キス、涙々。
「猫かフローズン、どっち吸いたい?」
「なにその二択。ウケるんだけど」
前の席で盛り上がっている仲良し同士のクラスメイト。
なにやら興味のそそられる会話だったから、教科書をつめる手をゆっくりめに変更する。
「怪しー。いったいどういう魂胆よ?」
「ひどーい。ほら、あんた最近おつかれ気味じゃん?たまには気分転換しなきゃ身体に毒よーってね」
「あーね。

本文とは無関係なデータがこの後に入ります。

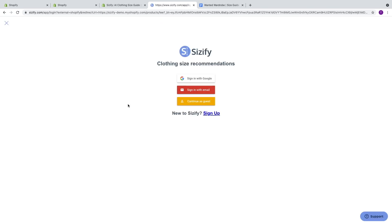Once you've enabled the widget, go to your product pages and it'll say either Get Size Now or Size Guide. Your customer has different options — they can see a size guide or hit Proceed if they want recommendations based on their body type. They also have options to sign in with Google, sign in with their email, continue as a guest, or sign up with Sizeify. I love this because their recommendations will pop up on other stores that also use Sizeify, not just yours. For this video, we're going to select Continue as Guest.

そりゃうれしいわ」
「で、どっち行く?」
「猫でしょ猫。吸いにいくぞ猫!」
「よしきたー!吸うぞ吸うぞー!」
行き先がきまったようで、ふたりは楽しそうに会話をしながら出ていった。
いいな。……いいなあ。
楽しそうだな。
ふたりの会話に感化されて、どこかに寄り道したい欲が高まってしまう。
それでも、やっぱりだめ。
ひとりでお店に入る勇気も、誰かを誘う勇気も両方ない。
そんなわたしにお似合いなのは……
「あ、しまった。出し忘れてた」
机の中に入っていた、一枚の紙。
わたしにお似合いなのは委員の仕事だけ。
誇れるものはもはや、それしかなかった。